Speech-to-Text! Audio/video file transcription tools and techniques
Join the Zk Av Club for a simple, hands-on workshop on turning audio and video into text. We will use real recordings from DWeb + Coolab Camp 2023 in Brazil. The examples include Portuguese, English, and Spanish.
What we’ll cover
Cloud tools: Notta, Descript, Dictationer, ElevenLabs, HappyScribe How to upload a file, get a transcript, export captions (SRT/VTT), and copy text.
Local/offline tools: Whisper, Kdenlive Speech-to-Text, VOSK Basic install tips, how to run them, and when to use CPU vs. GPU.
Quality check: Compare accuracy, timestamps, speaker labels, and edit speed across PT/EN/ES.

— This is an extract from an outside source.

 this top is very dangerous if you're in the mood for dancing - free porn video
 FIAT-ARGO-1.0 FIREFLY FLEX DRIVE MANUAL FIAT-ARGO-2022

Clean & share: Quick steps to fix punctuation, add or adjust speakers, translate or subtitle, and publish to sites or archives.
Who this is for
Editors, community archivists, researchers, and event organizers. Beginners welcome.
What to bring
A computer (mobile devices may work for cloud transcription)
(Optional) a video file to test.
Feel free use one of the videos from the collection we'll be working with: https://archive.org/details/dweb-stories-brazil-2023
(Optional) pre-install Whisper or Kdenlive if you want to try local tools during the session. You can also just watch.
You’ll leave with
A short checklist for cloud vs. local workflows
Copy-paste commands and export recipes
A clear comparison to help you choose a tool next time
Practical, privacy-aware, and reproducible. Let’s make your recordings searchable and accessible.